Eine optionale Verlängerung bis nach Freiham, wo Wohnungen für rund 30 000 Menschen entstehen sollen, dürfte allerdings, wie die U9, nicht vor Ende der 2030er möglich sein. Über eine Verlängerung in die andere Richtung bis nach Ottobrunn und Taufkirchen lässt sich auch nur spekulieren, obwohl sich der Landtag nun dafür stark macht. Wann und ob die U4 nach Englschalking oder bis zur Messestadt verlängert wird, darüber gibt es derzeit ebenfalls keine verlässlichen Vorhersagen.

Die zweite Stammstrecke kommt nicht vor 2028

Die zweite S-Bahn-Stammstrecke wird frühestens 2028 fertig; dass noch weitere Verzögerungen dazukommen, dürfte sich nicht ausschließen lassen. Der S-Bahn-Ausbau zwischen Daglfing und Johanneskirchen wird frühestens Ende der 2030er-Jahre möglich sein, weitere Ausbauten, etwa der schon geplante dreigleisige Ausbau der S4 bis Buchenau stehen heute schon wieder auf dem Prüfstand. Wegen anhaltender Proteste hat Bayerns Verkehrsminister Hans Reichhart (CSU) erst vor wenigen Tagen eine Machbarkeitsstudie für einen viergleisigen Ausbau angekündigt.

Die ebenfalls von Reichhart angeleierte Studie für einen ICE-Halt am Flughafen soll zwar hauptsächlich die Zahl der Inlandsflüge reduzieren helfen, sofern sie denn zu einer Umsetzung führt. Doch dem Nahverkehr wird eine ICE-Verbindung zwischen Hauptbahnhof und Airport sicher nicht schaden.

Die MVG setzt - wenn es schnell gehen muss - lieber auf Busse

In greifbare Nähe gerückt ist, immerhin, der Ausbau des Eisenbahn-Nordrings. Laut Verkehrsministerium sollen bald Planungen starten, um das neue Forschungs- und Innovationszentrum von BMW mit Pendelzügen anzubinden. Dass auch der zugunsten des zweiten Stammstreckentunnels verworfene Ausbau des Südrings irgendwann doch kommen wird, da sind sich Verkehrsexperten einig. Die Münchner Verkehrsgesellschaft setzt, wenn es schnell gehen muss, lieber auf das Konventionelle: Busse. Doch eine Entscheidung für ein paar neue Busspuren zur Beschleunigung des öffentlichen Nahverkehrs hat der Stadtrat gerade erst vertagt.

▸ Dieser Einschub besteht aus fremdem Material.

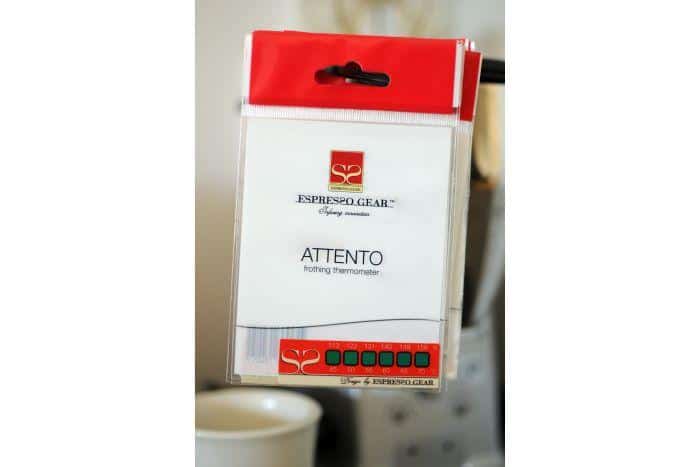 Espresso Gear Attento Frothing Thermometer—adhesive strip-style temperature indicator for milk jugs, helping baristas achieve optimal milk steaming temperatures for lattes and cappuccinos; easy to apply and read.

Was also dann? Dass Car- und E-Scooter-Sharing den Stau nicht auflösen, zeigt die Erfahrung. Elektrische Lufttaxis werden's wohl auch nicht richten, auch wenn die ersten Tests der neuen Fluggeräte vielversprechend sind. Denn billig und massentauglich werden sie sicher nicht werden. Der seit Jahren zunehmende Radverkehr ist zwar höchst erfreulich und zusammen mit dem Zu-Fuß-Gehen am umweltfreundlichsten. Aber auch das Rad ist kein Allheilmittel.

19 Prozent setzen immer noch aufs Auto

60 Millionen Kilometer Strecke legen alle Münchner zusammen jeden Tag zurück. Das hat die Studie "Mobilität in Deutschland" ergeben, die kommenden Mittwoch im Stadtrat diskutiert werden soll. Für nur fünf Prozent dieser "Personenkilometer" ist das Fahrrad das Verkehrsmittel der Wahl. 19 Prozent setzen immer noch aufs Auto oder Motorrad, 18 Prozent bevorzugen den öffentlichen Nahverkehr. Fahrradwege flächendeckend gut auszubauen, wie es die Münchner dieses Jahr per Volksbegehren dekretiert haben und wie er der Stadtrat als Ziel übernommen hat, reicht alleine also nicht. Wenn der Verkehr wirklich umweltgerechter werden soll, wird es darauf ankommen, vor allem den öffentlichen Nahverkehr weiter zu verbessern.

Dass das in München etwas länger dauern kann, zeigt sich gerade.